The pressure and concentration detection limits, and the prompt gamma counting rates were calculated using Eqs. (6, 7, and 8) respectively, and assuming an ideal gas behavior of the sample. These equations give an estimation of the pressure detection limit L _D(pressure) (kPa), the molar concentration detection limit L _{D(concentration)} (mol cm⁻³) and the counting rate CR (s⁻¹) for a detector efficiency e, a neutron flux ϕ (cm⁻² s⁻¹), a neutron-gamma isotopic cross section σγ (barns), an ideal gas constant R (8.31446 J mol⁻¹ K⁻¹), a reference sample pressure p (Pa) and temperature T (K), and an effective volume V _eff (16 cm⁻³ were estimated from the geometry of the beam and sample cylinder). The net peak area or net number of counts [net counts_sample in Eq. (6)] were obtained from the spectra of a 99.9999 % high purity argon, and a natural xenon samples at 106.92 kPa (abs) and 298 K analyzed during a 4 h live-time period with the nuclear reactor operating at full power (950 kW). The sample spectra were evaluated using the second difference peak locator and the peak area analysis tools from Genie™ 2000. Part of the spectrum acquired for each noble gas sample is shown in Fig. 2. The estimated counting rates and the calculated detection limits are tabulated in Table 1. This table also shows the counting rates obtained for these two gases using Genie™ 2000 for comparison with their estimated values. It is important to mention that the neutron-gamma cross sections listed in Table 1 for the xenon isotopes match the values reported by the International Atomic Energy Agency and published by Molnar [31]. However, the cross sections used for the argon nuclides correspond to those listed by Molnar and reduced by a factor of 0.417. This factor was estimated from the comparison between the argon mass concentrations ρ _Ar (g cm⁻³) calculated using the sample pressure and Eq. (9):

$$ \rho_{\text{Ar}} = \frac{{p\; \times \;M_{\text{Ar}} \; \times \;10^{ - 6} }}{R\; \times \;T}, $$

(9)

and the one estimated using the net peak area from the PGAA energy spectrum netcounts_sample, the analysis live-time t (s), and Eq. (10):

$$ \rho_{\text{Ar}} = \frac{{{\text{net}}\,{\text{counts}}_{\text{sample}} \; \times \;M_{\text{Ar}} }}{{0.6023\; \times \;e\; \times \;\phi \; \times \;\sigma_{\gamma } \; \times \;V_{\text{eff}} \; \times \;t}}. $$

(10)

Fig. 2

Argon spectra and counts. Top 1186.8(3) keV peak of a PGAA spectrum obtained from a pure argon sample at 106.9 kPa (abs) and 298 K. Bottom PGAA spectrum of a natural xenon sample at 107.1 kPa (abs) and 296 K

Table 1 Prompt gamma counting rates and detection limits for ⁴⁰Ar, ¹²⁹Xe and ¹³¹Xe (*¹³¹Xe and ¹²⁹Xe also present peaks at 670.02 and 668.59 keV with neutron-gamma cross sections of 0.22 and 0.17 barn respectively)

Diffusion experiments

The procedure followed for this work is divided in three major steps: porous media column venting, argon sample preparation, and diffusion of argon in nitrogen. The porous media column was vented flowing nitrogen at 25 cm³ s⁻¹ during 1 h, and at 8.3 cm³ s⁻¹ during at least another hour to remove the traces of argon from previous experiments. Then, the ball purge valve was closed and the experimental set-up is pressurized up to about 100 kPa.

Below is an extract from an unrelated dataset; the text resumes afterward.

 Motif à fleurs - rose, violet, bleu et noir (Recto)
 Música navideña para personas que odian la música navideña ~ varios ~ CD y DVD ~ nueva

The argon sample preparation consist of a series of vacuum-fill cycles using a Argon 6.0 Research gas from Praxair to ensure that more than 99.5 % of the gas molecules in the sample correspond to the high purity argon (Batch number W476720701). The gas sample cylinder was then pressurized up to 105 kPa (abs). Since the experimental set-up and the argon cylinder were pressurized in different rooms, the pressure of the argon sample need to be lower to match the one of the experimental set-up with a pressure excess lower than 70 Pa using a SS low-flow metering valve from Swagelok®, and a PX653-05D5V differential pressure transducer from OMEGA®. The sample was then analyzed using PGAA with the reactor operating at 950 kW.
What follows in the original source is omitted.